- Provided entries -
┄┄┄┄┄┄┄┄┄┄
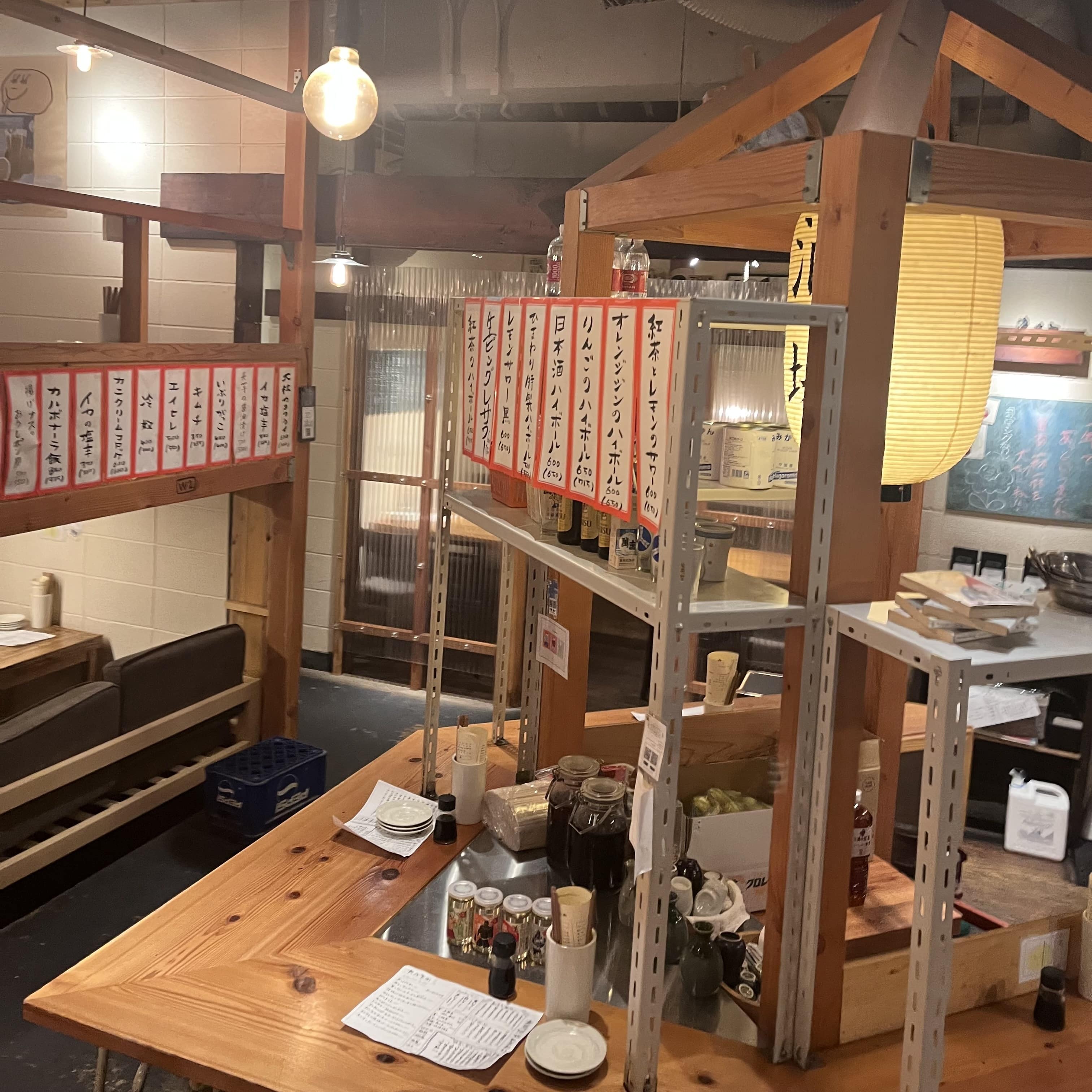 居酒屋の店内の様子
┄┄┄┄┄┄┄┄┄┄
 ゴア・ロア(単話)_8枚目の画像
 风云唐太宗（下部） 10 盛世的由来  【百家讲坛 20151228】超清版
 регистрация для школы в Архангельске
┄┄┄┄┄┄┄┄┄┄
- Your task -
For the lines above, output exactly those from the line containing "ゴア・ロア(単話)_8枚目の画像" through the line containing "регистрация для школы в Архангельске", and skip the others.

- Task solution -
 ゴア・ロア(単話)_8枚目の画像
 风云唐太宗（下部） 10 盛世的由来  【百家讲坛 20151228】超清版
 регистрация для школы в Архангельске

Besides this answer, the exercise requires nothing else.